Wednesday, January 19, 2011

on urban development and bicycle transportation

This just in:

http://bikeportland.org/2011/01/18/hopworks-plans-new-location-on-n-williams-ave-46202

On the one hand, I suppose a new brewpub in the neighborhood might be nice. On the other hand it's happening in a part of town that has seen wildfire-fast development, and where rising home values and property taxes have been pushing out longtime residents who once moved into NE Portland because they couldn't afford to live anywhere else.

One of the byproducts of urban development in inner North and Northeast Portland has been the change in the relative age and color of the demographic landscape.

Forty and fifty years ago, black families bought homes here in inner N/NE Portland because they weren't being shown properties in any other part of town, or because they couldn't get home loans for properties anywhere else. This was part of a gentlemens' agreement among local realtors who engaged in a variation of the practice known as "redlining". Black families were clustered together into three or four zip codes because it was easier to then sell properties elsewhere to white families without the attendant worry that a black family might move into those other neighborhoods -- and thereby bring everyone's property values down. Another form of redlining happened when black families would opt to rent housing in cheaper neighborhoods because they couldn't buy a house anywhere.
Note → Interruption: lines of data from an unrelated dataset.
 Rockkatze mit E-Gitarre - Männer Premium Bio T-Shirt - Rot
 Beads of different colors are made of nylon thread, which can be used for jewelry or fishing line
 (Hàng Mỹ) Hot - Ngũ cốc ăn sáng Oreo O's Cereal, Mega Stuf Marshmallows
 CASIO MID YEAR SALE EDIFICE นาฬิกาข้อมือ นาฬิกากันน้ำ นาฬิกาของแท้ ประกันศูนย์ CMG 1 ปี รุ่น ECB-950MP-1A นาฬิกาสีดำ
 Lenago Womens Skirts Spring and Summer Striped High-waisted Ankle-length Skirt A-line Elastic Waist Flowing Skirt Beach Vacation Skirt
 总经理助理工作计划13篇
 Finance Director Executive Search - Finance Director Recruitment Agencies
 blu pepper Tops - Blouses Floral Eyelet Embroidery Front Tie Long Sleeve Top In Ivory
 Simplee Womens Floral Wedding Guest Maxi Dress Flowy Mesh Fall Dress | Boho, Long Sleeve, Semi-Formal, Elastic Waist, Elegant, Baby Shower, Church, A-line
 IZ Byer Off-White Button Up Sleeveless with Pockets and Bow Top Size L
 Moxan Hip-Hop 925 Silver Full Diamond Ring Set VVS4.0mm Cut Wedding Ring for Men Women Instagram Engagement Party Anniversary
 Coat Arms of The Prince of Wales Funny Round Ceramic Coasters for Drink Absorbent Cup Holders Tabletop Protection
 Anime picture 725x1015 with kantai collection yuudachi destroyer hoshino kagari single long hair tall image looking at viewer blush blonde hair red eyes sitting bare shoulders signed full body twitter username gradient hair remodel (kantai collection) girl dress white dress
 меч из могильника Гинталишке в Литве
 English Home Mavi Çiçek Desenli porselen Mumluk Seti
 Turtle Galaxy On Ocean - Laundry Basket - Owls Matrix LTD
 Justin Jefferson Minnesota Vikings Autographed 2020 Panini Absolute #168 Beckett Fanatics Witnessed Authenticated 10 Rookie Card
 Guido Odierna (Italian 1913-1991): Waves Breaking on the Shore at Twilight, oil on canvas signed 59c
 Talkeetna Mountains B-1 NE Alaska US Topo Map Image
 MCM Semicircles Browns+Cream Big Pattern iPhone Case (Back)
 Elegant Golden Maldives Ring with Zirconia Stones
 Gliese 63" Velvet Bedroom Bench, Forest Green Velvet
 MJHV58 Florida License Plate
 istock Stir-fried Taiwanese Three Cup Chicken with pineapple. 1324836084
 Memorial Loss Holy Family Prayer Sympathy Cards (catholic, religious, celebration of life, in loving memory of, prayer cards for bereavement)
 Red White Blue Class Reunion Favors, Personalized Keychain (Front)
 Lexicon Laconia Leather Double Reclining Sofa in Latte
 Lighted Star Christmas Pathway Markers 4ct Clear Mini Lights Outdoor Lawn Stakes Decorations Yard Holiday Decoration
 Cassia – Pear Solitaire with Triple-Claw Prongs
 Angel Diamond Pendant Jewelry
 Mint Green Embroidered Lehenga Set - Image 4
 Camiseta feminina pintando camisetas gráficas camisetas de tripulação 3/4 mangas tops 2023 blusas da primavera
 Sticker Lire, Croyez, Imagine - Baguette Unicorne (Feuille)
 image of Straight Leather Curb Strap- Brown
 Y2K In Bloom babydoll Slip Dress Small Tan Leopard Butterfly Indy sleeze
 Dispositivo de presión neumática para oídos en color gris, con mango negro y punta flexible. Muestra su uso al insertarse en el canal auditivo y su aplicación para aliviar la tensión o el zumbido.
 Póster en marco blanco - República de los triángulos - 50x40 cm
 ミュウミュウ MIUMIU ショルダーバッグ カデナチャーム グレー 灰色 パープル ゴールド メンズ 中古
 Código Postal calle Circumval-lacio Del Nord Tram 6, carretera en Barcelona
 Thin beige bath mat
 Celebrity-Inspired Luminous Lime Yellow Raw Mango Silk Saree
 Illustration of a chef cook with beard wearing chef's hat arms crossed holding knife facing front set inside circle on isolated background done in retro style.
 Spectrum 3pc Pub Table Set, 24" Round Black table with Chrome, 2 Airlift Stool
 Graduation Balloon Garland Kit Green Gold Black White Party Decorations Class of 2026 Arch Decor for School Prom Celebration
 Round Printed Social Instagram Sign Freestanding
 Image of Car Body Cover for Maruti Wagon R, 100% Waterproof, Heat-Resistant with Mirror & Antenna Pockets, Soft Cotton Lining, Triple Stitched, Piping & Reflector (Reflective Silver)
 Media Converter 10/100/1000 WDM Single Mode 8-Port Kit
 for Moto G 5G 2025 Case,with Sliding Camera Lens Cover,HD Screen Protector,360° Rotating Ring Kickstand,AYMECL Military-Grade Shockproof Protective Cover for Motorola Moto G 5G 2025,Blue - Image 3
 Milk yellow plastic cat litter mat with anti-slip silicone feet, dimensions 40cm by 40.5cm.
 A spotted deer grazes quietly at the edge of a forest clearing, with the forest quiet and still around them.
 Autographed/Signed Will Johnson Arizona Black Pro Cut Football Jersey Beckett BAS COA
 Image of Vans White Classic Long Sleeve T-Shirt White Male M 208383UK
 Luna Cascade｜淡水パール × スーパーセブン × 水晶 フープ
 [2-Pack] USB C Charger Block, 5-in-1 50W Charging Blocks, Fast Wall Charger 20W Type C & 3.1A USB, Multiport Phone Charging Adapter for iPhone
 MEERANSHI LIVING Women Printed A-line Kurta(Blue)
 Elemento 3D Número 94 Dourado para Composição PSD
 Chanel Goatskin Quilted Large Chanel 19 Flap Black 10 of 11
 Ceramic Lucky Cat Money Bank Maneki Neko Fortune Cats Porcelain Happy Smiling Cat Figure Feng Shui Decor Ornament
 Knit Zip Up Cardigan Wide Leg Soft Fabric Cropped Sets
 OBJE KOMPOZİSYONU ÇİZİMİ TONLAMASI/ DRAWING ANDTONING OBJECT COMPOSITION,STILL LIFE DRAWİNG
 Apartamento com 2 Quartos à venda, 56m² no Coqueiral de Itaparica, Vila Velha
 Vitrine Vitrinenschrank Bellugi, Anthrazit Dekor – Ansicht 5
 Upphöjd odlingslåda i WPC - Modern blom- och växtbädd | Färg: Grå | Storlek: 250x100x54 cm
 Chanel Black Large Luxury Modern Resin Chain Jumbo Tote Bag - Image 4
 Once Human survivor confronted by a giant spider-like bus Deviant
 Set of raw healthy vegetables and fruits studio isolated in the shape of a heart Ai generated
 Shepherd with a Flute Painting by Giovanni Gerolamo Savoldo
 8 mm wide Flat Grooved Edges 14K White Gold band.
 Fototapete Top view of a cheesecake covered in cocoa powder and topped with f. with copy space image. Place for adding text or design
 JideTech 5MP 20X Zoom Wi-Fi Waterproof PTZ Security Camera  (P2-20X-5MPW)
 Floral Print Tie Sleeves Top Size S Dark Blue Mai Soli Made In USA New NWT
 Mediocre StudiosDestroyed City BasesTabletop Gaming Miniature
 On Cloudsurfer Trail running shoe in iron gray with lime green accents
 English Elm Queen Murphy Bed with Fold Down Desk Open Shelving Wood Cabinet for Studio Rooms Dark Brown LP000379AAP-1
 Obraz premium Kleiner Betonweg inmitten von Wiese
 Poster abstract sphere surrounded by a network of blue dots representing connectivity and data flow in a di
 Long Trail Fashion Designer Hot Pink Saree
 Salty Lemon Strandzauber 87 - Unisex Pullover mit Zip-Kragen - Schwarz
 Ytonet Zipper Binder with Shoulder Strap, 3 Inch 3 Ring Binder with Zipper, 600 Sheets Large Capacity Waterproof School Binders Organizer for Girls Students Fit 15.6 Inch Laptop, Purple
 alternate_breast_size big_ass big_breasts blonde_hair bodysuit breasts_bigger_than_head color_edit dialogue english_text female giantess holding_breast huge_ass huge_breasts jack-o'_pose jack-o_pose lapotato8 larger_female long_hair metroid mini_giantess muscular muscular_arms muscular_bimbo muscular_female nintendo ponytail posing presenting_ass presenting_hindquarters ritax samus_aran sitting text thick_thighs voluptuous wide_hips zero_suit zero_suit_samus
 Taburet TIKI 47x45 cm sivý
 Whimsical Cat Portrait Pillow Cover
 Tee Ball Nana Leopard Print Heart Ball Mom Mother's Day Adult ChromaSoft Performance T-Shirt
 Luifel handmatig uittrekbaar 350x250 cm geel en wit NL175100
That it was institutional racism didn't seem to upset the housing industry -- or state and local government -- at the time.

At the height of this part of the urban development cycle, Portland's black families, while still constituting a small minority in an otherwise pretty white town, built a community complete with restaurants, small shops and churches. While the encroaching gang epidemic and meth wars that began in the 1990's took a toll on the black community, those things didn't wipe the community out.

The largest demographic change in this part of Portland has come in the last five or six years, as the growth of new business in this part of town has skyrocketed, and the number of new people moving to Portland from out of state has also mushroomed. As a result, many of the homes in inner NE Portland that were formerly inhabited by black families are now being bought up by young urban professionals -- mostly white -- who are fixing up these old homes and putting down new roots.

My question is: where did all the former residents of N/NE Portland go?
Many were pushed out by rising home values and property taxes. Elderly residents moved out when they became too old to care for their homes, or when the rent got too high (lots of single-family houses in N/NE Portland were longtime rental properties before being fixed up and sold). Many families with children moved away when Jefferson High School -- Oregon's only majority black high school -- became threatened with closure several years ago, and the lack of the school board's support for Jefferson and the cluster of feeder schools in the surrounding neighborhood became glaringly apparent.

Lots of people who left inner NE Portland moved farther east, into Parkrose and other neighborhoods in mid-Multnomah County, where rents were (and are) still more affordable. Some left Portland altogether, moving to other cities where housing was affordable and there was a hope of finding work. (Portland still has over 10% unemployment, in case anyone's forgotten.)

But the people now living in Inner N/NE Portland, the ones who've bought up all those houses and developed all those businesses and grown all those bike amenities in the last five years, don't seem to be giving a ton of thought to the way urban development can change a neighborhood. Or maybe they are and we just don't think the same way. I don't know.

I'm not a sociologist, so I can't speak about demographic studies or anything else that's terribly scientific. But I wonder if, in the process of making Portland more bike-friendly, we are also in the process of alienating communities of color from a vision of safe, walkable and bikeable streets. Some communities of color see car ownership as a desireable goal. In many larger cities with urban blight and limited bus service in the poorest neighborhoods, riding a bike is something that only children and very poor adults do. To be an adult on a bicycle in those places is an embarrassing thing.

Now I wonder if the whole idea of transportational bicycling is being turned on its ear in Portland, to be seen by communities of color as something done only by Young White Hipsters With Money, also known as The People Who Moved Here And Made The Neighborhood Too Expensive For Everyone Else.

Ten years ago, hardly any of us had ever seen a Bakfiets -- one of those beautiful, long-body cargo bikes with the big wooden boxes in front that allow you to transport groceries, your dog or your children. Today, there are a few hundred of these cargo bikes all over inner eastside Portland, as more young families are able to move here and fashion lives that allow them to live within biking distance of almsot everything they need: schools, shops, doctors' offices and parks. Nearly every person I've see riding a Bakfiets (which costs about $3000, by the way) is white and looks to be under about age 50. I find it hard to believe they all grew up here and I assume that most of them came from somewhere else within the last decade or less. I'm willing to concede that I could be wrong about this hunch but I don't think I am.

There is a large and growing gap here, based partly on race, partly on mobility and partly on socio-economic class; and I am wondering what, if anything, can be done to close it. How do we make bicycling truly accessible to everyone so that everyone can come to understand the benefits of transportational, practical bicycling?

In light of the rampant development happening in formerly poorest parts of Portland, I honestly do not know the answer.